‘Houston Oilers’ is available. Just sayin’. In all seriousness, would love to see all the EuroPoser 1.0 names go bye-bye. I’ll take almost anything over Dynamo or Real or Sporting or another City or United. But keep the colors, Houston.
Keep the name and colors. Change the crest, it looks dated. Other Houston sports teams have star or space shaped themes, so I could see having a star shaped crest or something space related.

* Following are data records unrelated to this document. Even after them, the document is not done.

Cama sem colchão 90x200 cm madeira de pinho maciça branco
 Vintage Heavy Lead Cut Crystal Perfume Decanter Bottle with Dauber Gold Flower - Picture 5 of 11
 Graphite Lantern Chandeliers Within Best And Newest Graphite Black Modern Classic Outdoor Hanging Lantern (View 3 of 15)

Houston Petroleum Industry Workers? Houston Oil Riggers? Houston Fossil Fuelers? (Hey! Houston Fuelers wouldn't be the worst name ever, as far as traditional American sports team names go!) Houston Climate Changers? Houston Roughnecks? Or for something less oil industry-y: Houston Air-conditioned Drives to the Mailbox? (or, to be hip make it singular: Houston Air-conditioned Drive to the Mailbox, shortened colloquially to just "Houston Drive")
These things can happen when you rip your championship-caliber team out of another city instead of building it from scratch.
You mean "six trips to the MLS playoffs in its first seven seasons of existence, including four MLS Cup Championship appearances and the aforementioned league titles"? Anyway, they sold out every match for about 6 seasons in the early 20-teens. Then they blew it.
I just saw it and I got a charge out of it. If this happens, they should sign Lewandowski. He is real Power Pole. It would be electrifying! He would light up the goal. You mods, always pulling the plug on our puns.
All considering, you'd think the galaxy would draw more, with the best owner, most titles, and huge market.